**Aim of the task:** Please keep the pictures out and write out exactly the lines from the first in the data below through the one containing "Quiet Queen Vic", both included.
━━ Data extract
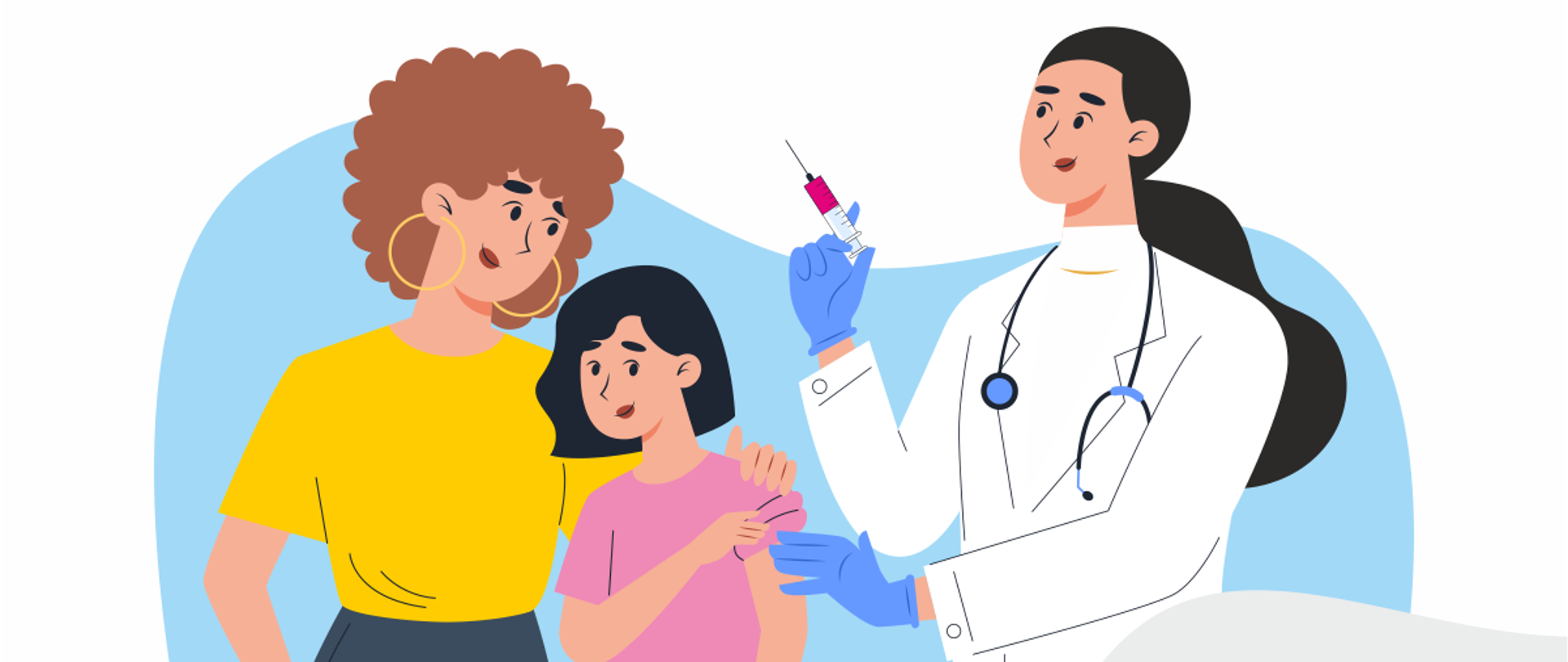 Program bezpłatnych szczepień przeciw HPV dla dzieci w wieku 12 i 13 lat! W programie dostępne są: szczepionka 2-walentna (przeciw dwóm genom), szczepionka 9- walentna (przeciw siedmiu genom). U dołu grafika przestawiająca matkę z dzieckiem, które jest szczepione przez lekarkę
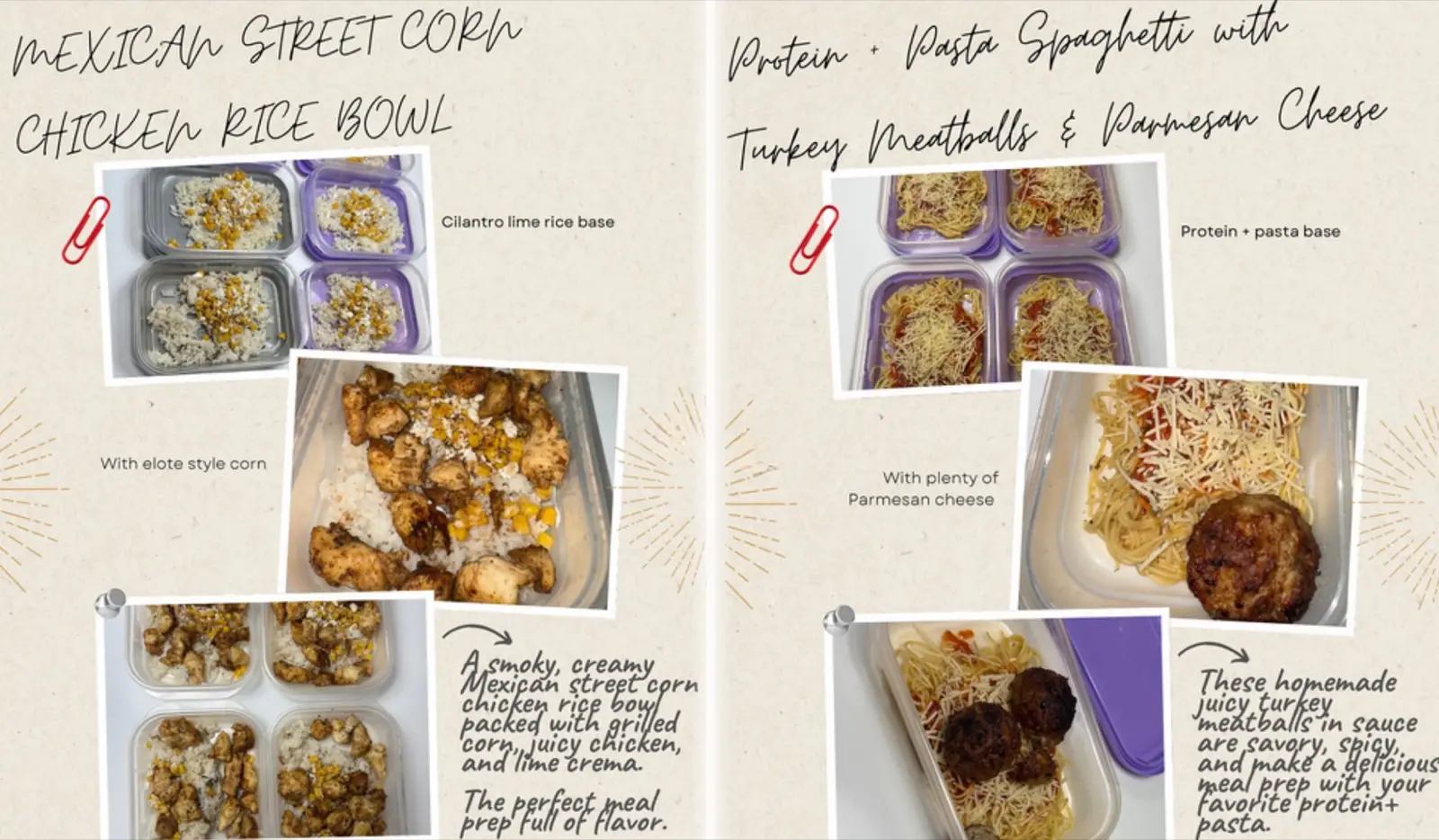 Meal prep examples: Mexican street corn chicken rice bowl, and protein pasta spaghetti with turkey meatballs and parmesan
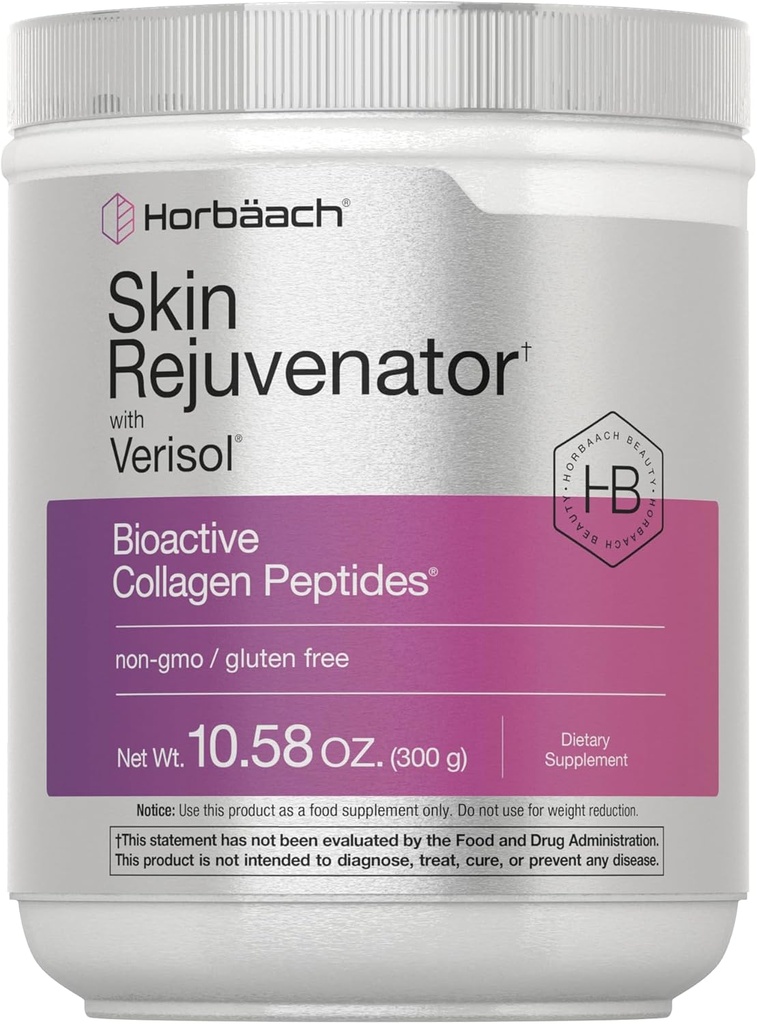 Horbäach Skin Rejuvenator with Verisol 10.58 oz | Bioactive Collagen Peptide Powder | Types I and III | Non GMO, Gluten Free Supplement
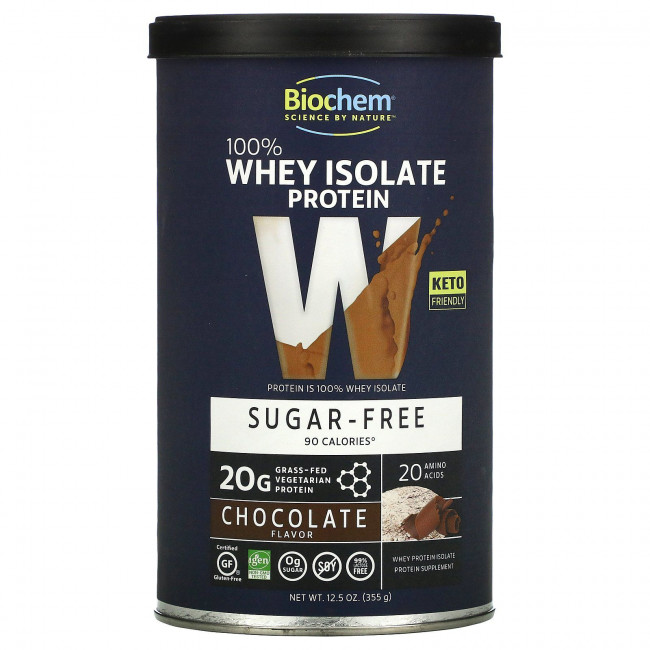 Biochem, 100% Whey Isolate Protein, Sugar Free, Chocolate Flavor, 12.5 oz (355 g) Biochem, 100% Whey Isolate Protein, Sugar Free, Chocolate Flavor, 12.5 oz (355 g)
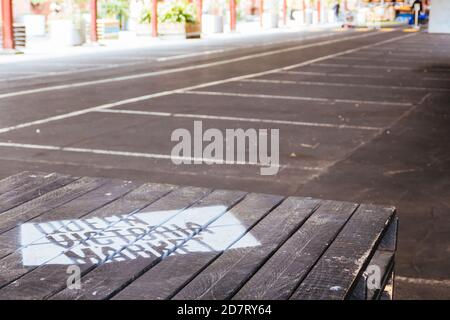 Quiet Queen Vic Market durante il Coronavirus Pandemic Foto Stock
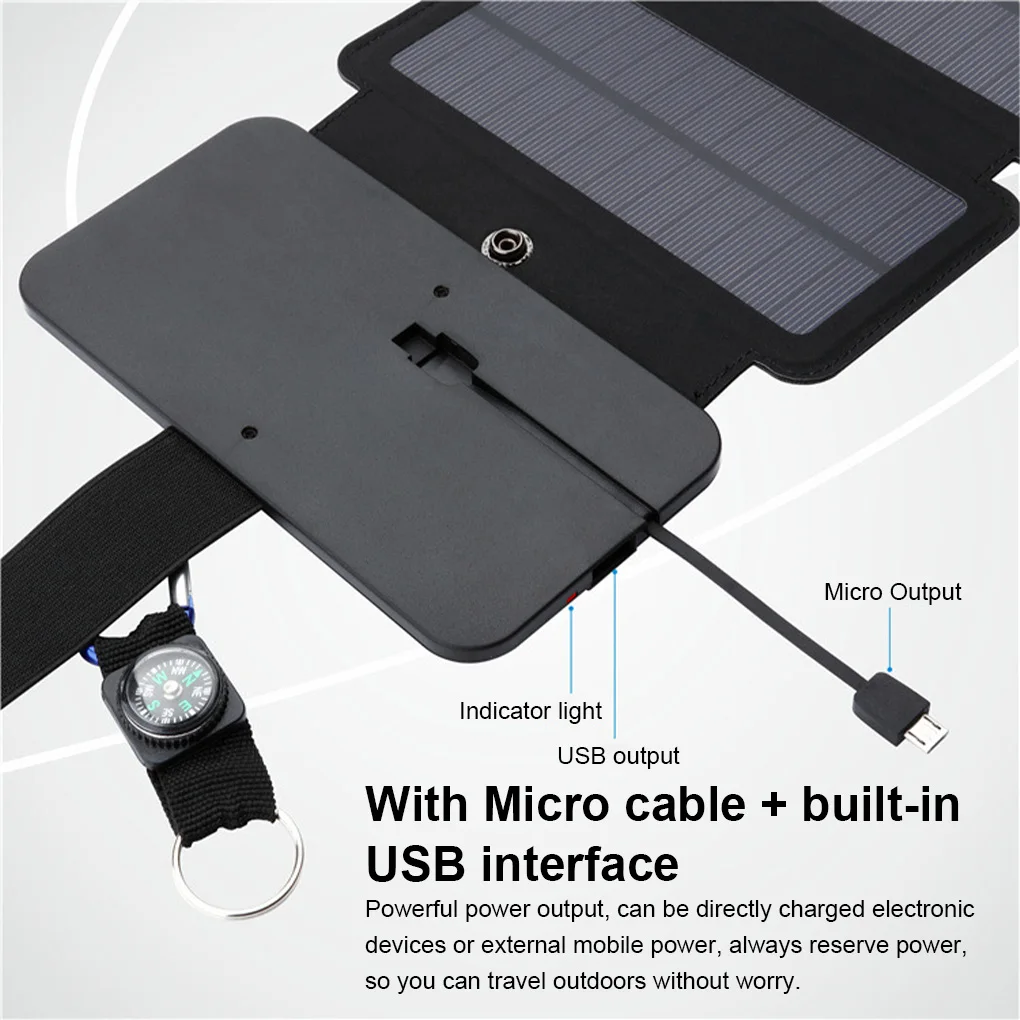

Folding 10W Solar Cells Charger 5V 2.1A USB Output Devices Portable Solar Panels For Smartphones Emergency Mobile Power Bank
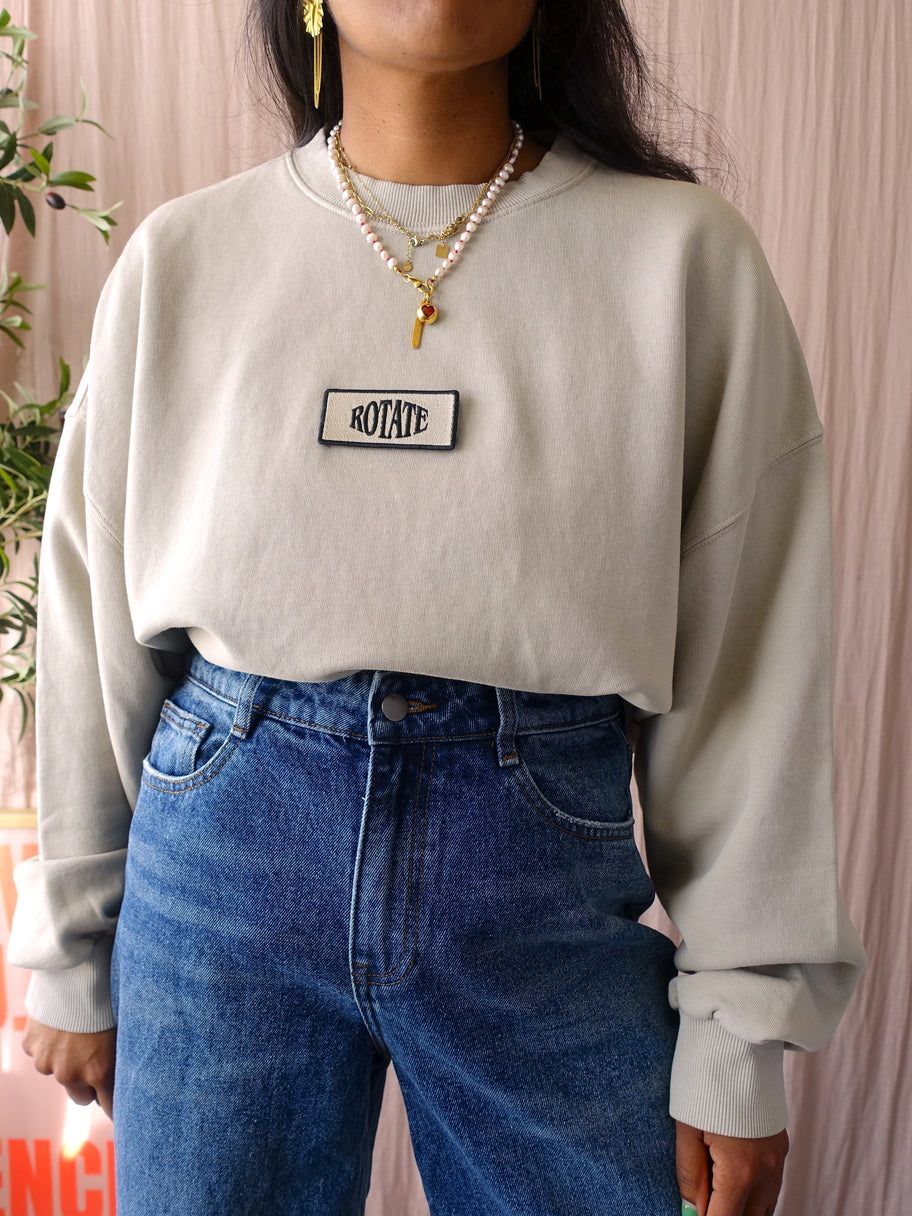 ROTATE Birger Christensen enzyme backprint sweater oyster grey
━━━━
**Solution to this exercise:**
 Program bezpłatnych szczepień przeciw HPV dla dzieci w wieku 12 i 13 lat! W programie dostępne są: szczepionka 2-walentna (przeciw dwóm genom), szczepionka 9- walentna (przeciw siedmiu genom). U dołu grafika przestawiająca matkę z dzieckiem, które jest szczepione przez lekarkę
 Meal prep examples: Mexican street corn chicken rice bowl, and protein pasta spaghetti with turkey meatballs and parmesan
 Horbäach Skin Rejuvenator with Verisol 10.58 oz | Bioactive Collagen Peptide Powder | Types I and III | Non GMO, Gluten Free Supplement
 Biochem, 100% Whey Isolate Protein, Sugar Free, Chocolate Flavor, 12.5 oz (355 g) Biochem, 100% Whey Isolate Protein, Sugar Free, Chocolate Flavor, 12.5 oz (355 g)
 Quiet Queen Vic Market durante il Coronavirus Pandemic Foto Stock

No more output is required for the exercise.